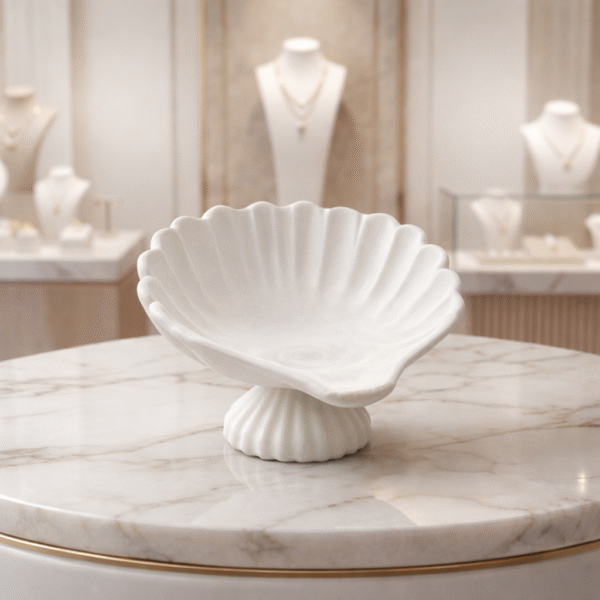 Coastal Seashell Jewelry Bowl Catchall | Premium 3D Printed Vanity Organizer | Elegant Ring & Earring Holder for Dressing Table | Lightweight Durable Decorative Tray for Home & Gift(White Color)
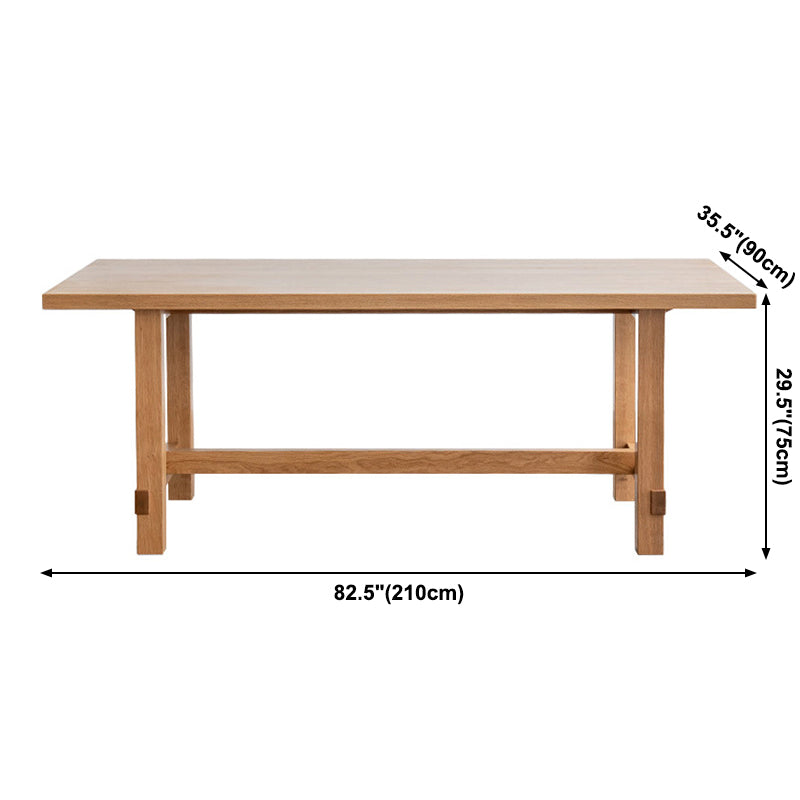 Solid Wood Rectangle Dining Table Modern Contemporary Kitchen Wood Table with Trestle Base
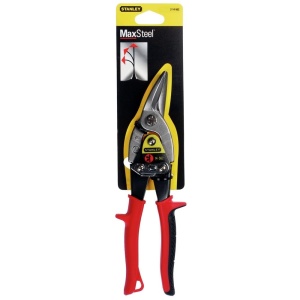 Foarfeca pentru tabla STANLEY Maxsteel 250 mm, bi-material, rosu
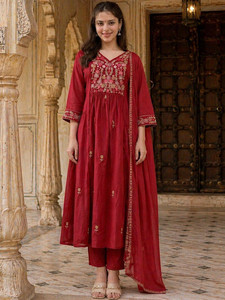 Women's Maroon Embroidered <b>Silk</b> Blend Floor-Length <b>Kurta</b> Palazzo Set With Dupatta Loose Fit Traditional Casual Wear All Seasons - Product Image 1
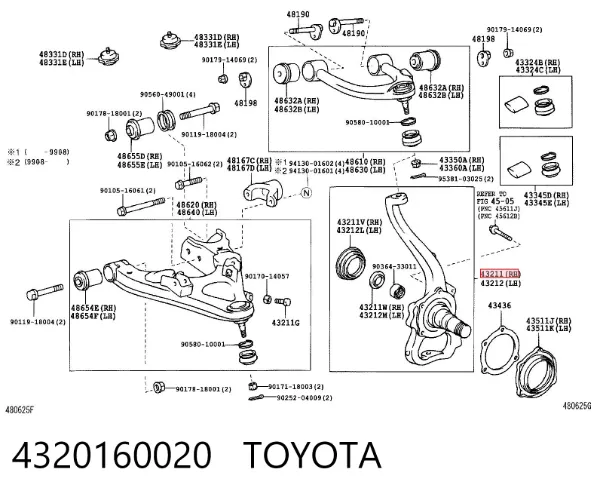 Mangueta delantera derecha 4320160020 Toyota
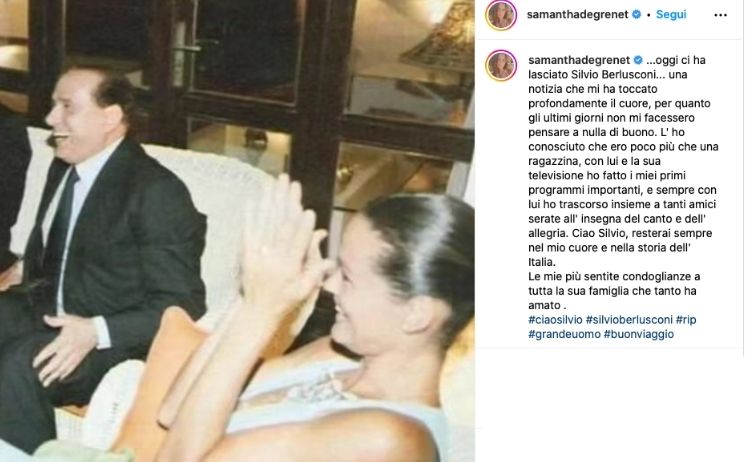 Morte Silvio Berlusconi addio Samantha Degrenet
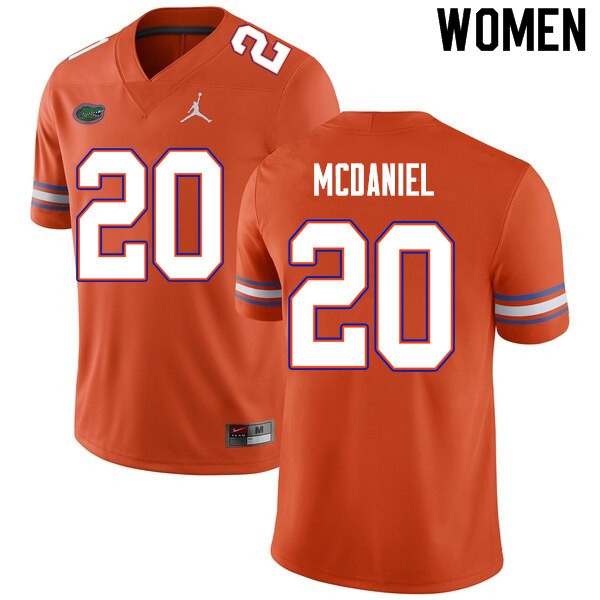 Women #20 Mordecai McDaniel Florida Gators College Football Jerseys Orange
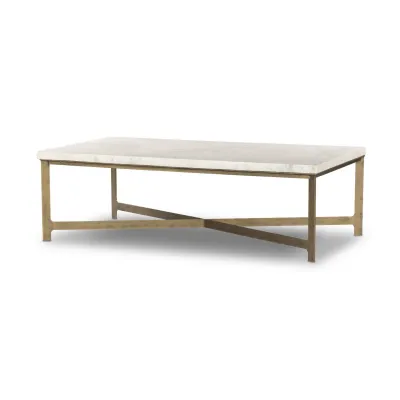 Hammered Iron Coffee Table White Marble Hammered Antique Brass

- EXERCISE BRIEF: Could you output the full set of entries exactly, skipping every picture?

- REPLY:
 Coastal Seashell Jewelry Bowl Catchall | Premium 3D Printed Vanity Organizer | Elegant Ring & Earring Holder for Dressing Table | Lightweight Durable Decorative Tray for Home & Gift(White Color)
 Solid Wood Rectangle Dining Table Modern Contemporary Kitchen Wood Table with Trestle Base
 Foarfeca pentru tabla STANLEY Maxsteel 250 mm, bi-material, rosu
 Women's Maroon Embroidered <b>Silk</b> Blend Floor-Length <b>Kurta</b> Palazzo Set With Dupatta Loose Fit Traditional Casual Wear All Seasons - Product Image 1
 Mangueta delantera derecha 4320160020 Toyota
 Morte Silvio Berlusconi addio Samantha Degrenet
 Women #20 Mordecai McDaniel Florida Gators College Football Jerseys Orange
 Hammered Iron Coffee Table White Marble Hammered Antique Brass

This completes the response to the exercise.